By Paul Rincon
Science reporter, BBC News
Parts of a giant, exquisitely carved marble sculpture depicting the Roman emperor Marcus Aurelius have been found at an archaeological site in Turkey.
Fragments of the statue were unearthed at the ancient city of Sagalassos.
So far the statue's head, right arm and leg parts have been discovered, high in the mountains of southern Turkey.
Marcus Aurelius was portrayed by Richard Harris in the Oscar-winning 2000 film Gladiator and was one of the so-called "Five Good Emperors".
He reigned from 161AD until his death in 180AD.
In addition to his deeds as emperor, Marcus Aurelius is remembered for his writings, and is considered one of the foremost Stoic philosophers.
The partial statue was unearthed in the largest room at Sagalassos's Roman baths.
The cross-shaped room measures 1,250 sq m (13,500 sq ft), is covered in mosaics and was probably used as a frigidarium - a room with a cold pool which Romans could sink into after a hot bath.
It was partially destroyed in an earthquake between 540AD and 620AD, filling the room with rubble. Archaeologists have been excavating the frigidarium for the past 12 years.
The dig is part of wider excavations at the ruined city, which was once an important regional centre.
Last year, the team led by Prof Marc Waelkens, from the Catholic University of Leuven in Belgium, uncovered fragments of a colossal marble statue of the emperor Hadrian in the rubble.
This month, the researchers found a huge head and arm belonging to Faustina the Elder - wife of the emperor Antoninus Pius.
Archaeologists now think the room hosted a gallery of sculptures depicting the "Antonine dynasty" - rulers of Spanish origin who presided over the Roman Empire during the second century AD.
Early on 20 August, a huge pair of marble lower legs, broken just above the knee, turned up in the debris.
The emperor wore army boots decorated with lion skins
They also found a 1.5m-long (5ft-long) right arm and hand holding a globe which was probably once crowned by a gilded bronze "Victory" figure.
But it was the giant marble head which identified this statue as the young Marcus Aurelius. The colossal head, which is just under 1m (3ft) in height, is said to bear his characteristic bulging eyes and beard.
Prof Waelkens said the pupils were gazing upwards "as if in deep contemplation, perfectly fitting of an emperor who was more of a philosopher than a soldier".
He added that the sculpture, which stood about 4.5m (nearly 15ft) tall, was one of the finest depictions of the Roman ruler.
The emperor wore exquisitely carved army boots decorated with a lion skin, tendrils and Amazon shields.
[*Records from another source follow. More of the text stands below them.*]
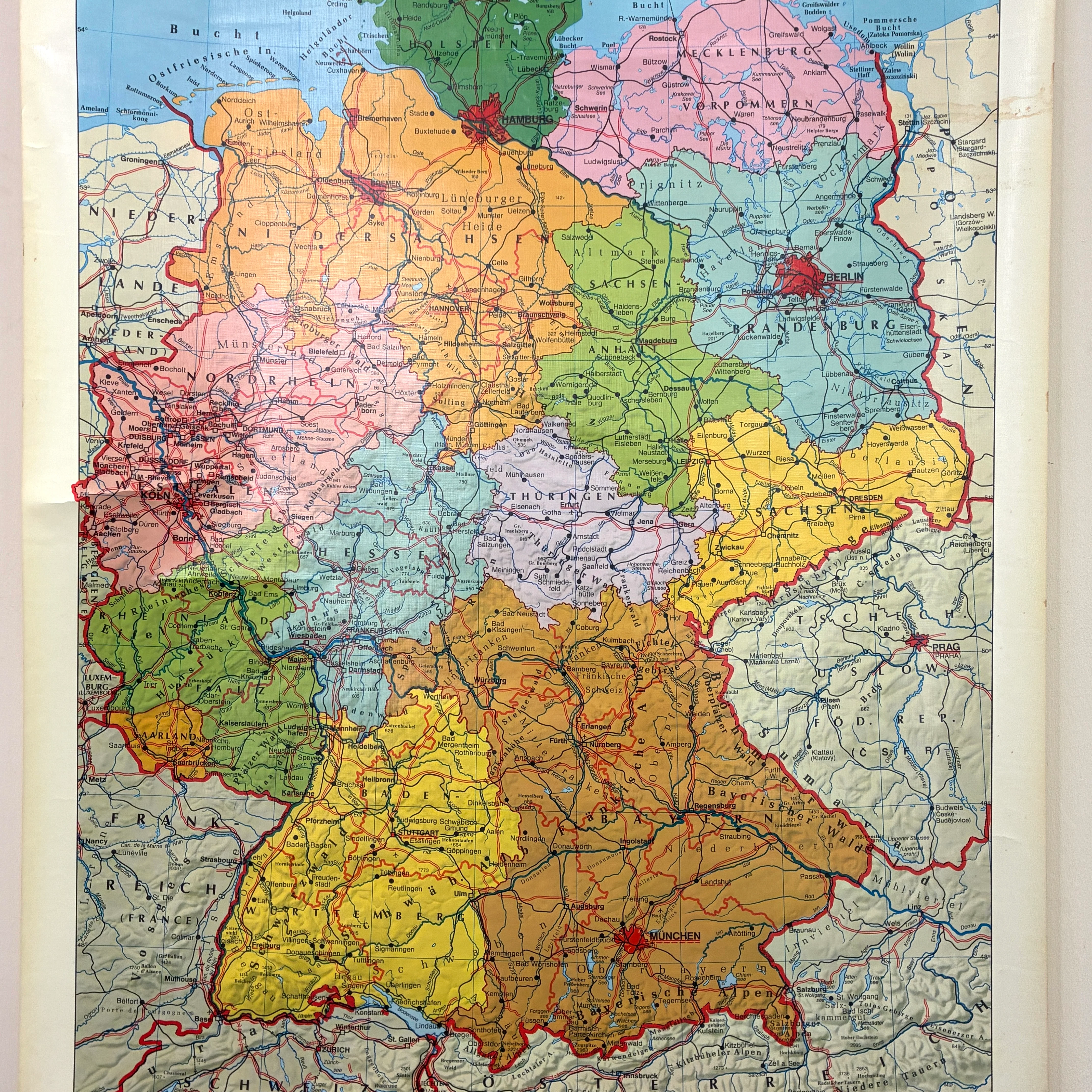 Vorschaubild 3
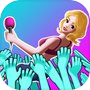 Stage Divingicon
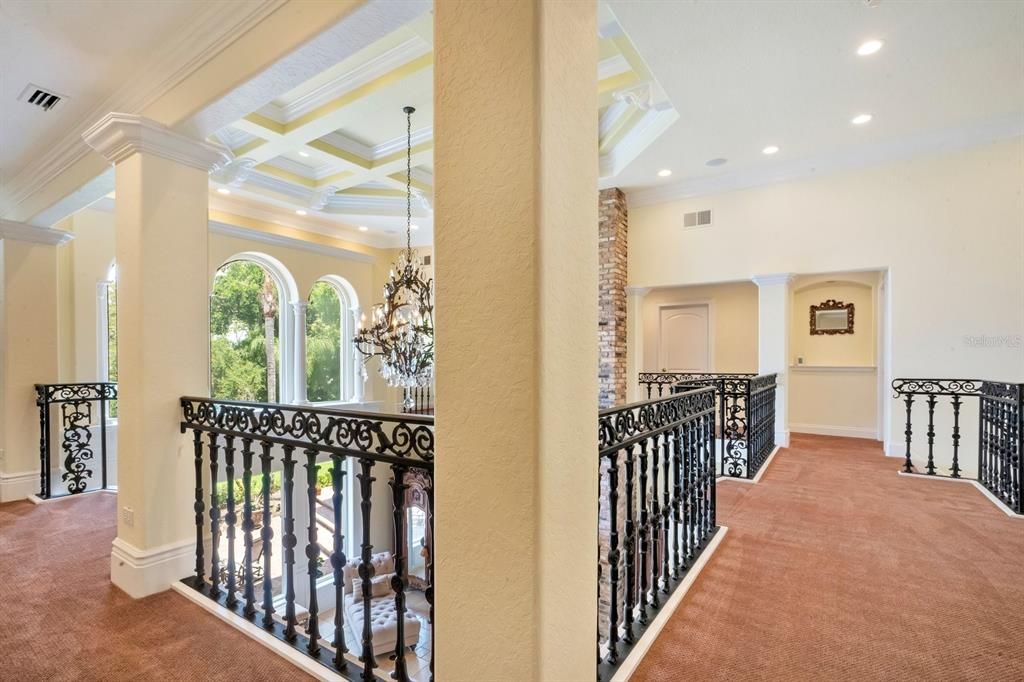 For Sale: $3,000,000 (5 beds, 4 baths, 7208 Square Feet)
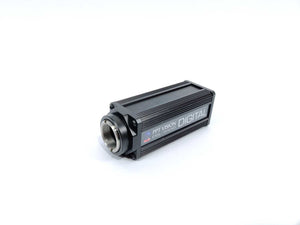 PPT Vision 661-0317 DSL-5100 Digital CCD Camera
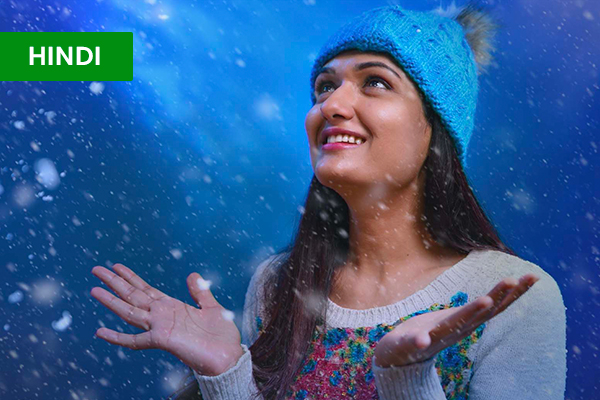 Small Studio Photography cover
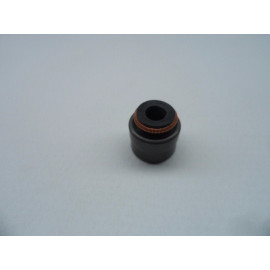 SUPAP LASTIGI 5 MM COR 49472900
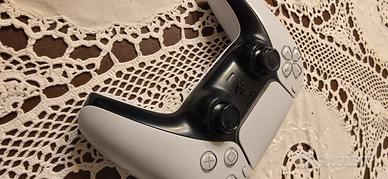 Controller PS5 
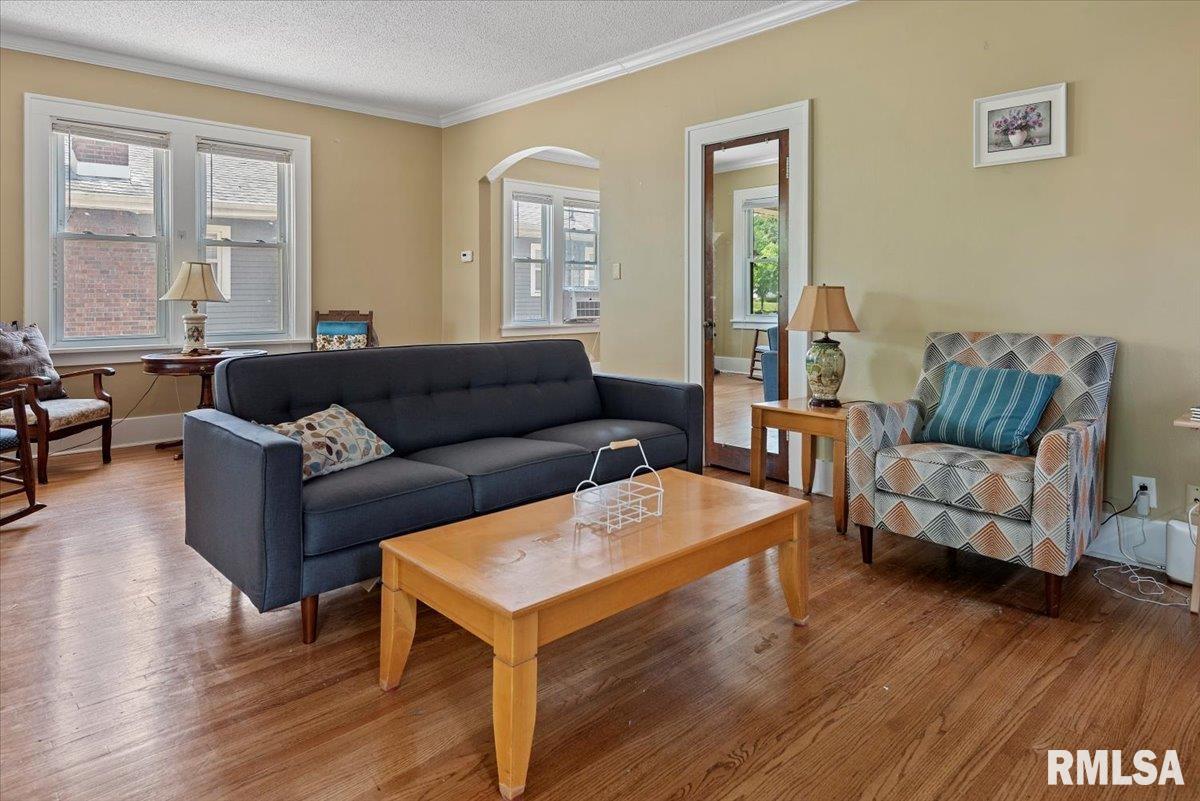 2141 South 4th Street Springfield, IL 62703 - Photo 11 of 49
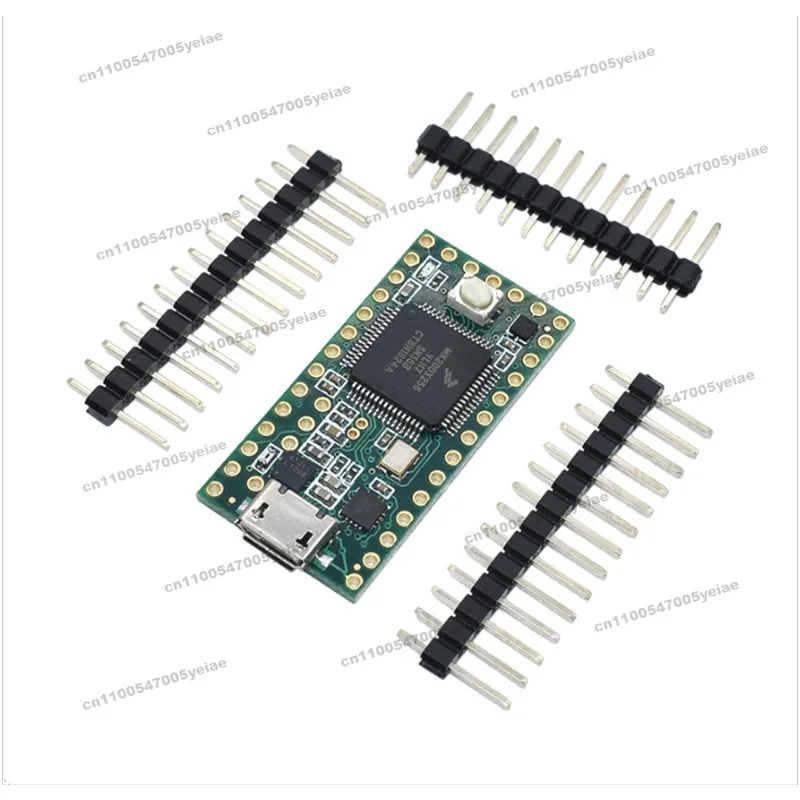For DEV-13736 3.2 U Disk Learning Experiment Board, Built-in USB Compatibility Protocol, Can Be Burned with One Click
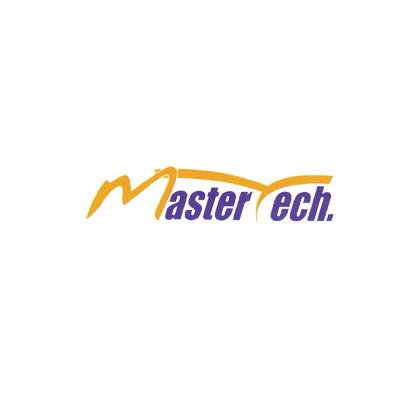 mastertechmast1's profile picture. ﻣﺎﺳﺘﺮﺗﻚ ﻣﺘﺨﺼﺼﺔ ﻓﻰ ﺗﺼﻤﻴﻢ ﻭﺗﺼﻨﻴﻊ ﻛﻞ ﻣﻦ
ﻣﺎﻛﻴﻨﺎﺕ ﺗﻌﺒﺌﺔ ﺭﺃﺳﻰ (ﺑﻘﻮﻟﻴﺎﺕ ­ ﺣﺒﻮﺏ – ﺳﻜﺮ – ﺃﺭﺯ – ﻣﻜﺮﻭﻧﺔ­ ﻓﻮﻝ ­ ﻋﺪﺱ ­ﻓﺎﺻﻮﻟﻴﺎ ­ ﻟﻮﺑﻴﺎ ­ ﻟﺴﺎﻥ ﻋﺼﻔﻮﺭ . ﻣﻠﺢ …..ﺍﻟﺦ )
ﻣﺎﻛﻴﻨﺎﺕ ﺗﻌﺒ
The torso was probably covered in bronze armour filled inside with terracotta or wood. When the niche's vault collapsed in the earthquake, the torso would have exploded.
The statue of Hadrian was found lying halfway down in the frigidarium's rubble.
This initially led archaeologists to think it had been hauled in there from another part of the huge bath complex, perhaps to remove its gilded bronze armour, or to burn the huge marble pieces to make cement in a nearby lime kiln.
However, they now think sculptures of Hadrian, his wife Vibia Sabina, another Roman emperor Antoninus Pius, his wife Faustina the Elder, and Marcus Aurelius all once adorned niches situated around the room.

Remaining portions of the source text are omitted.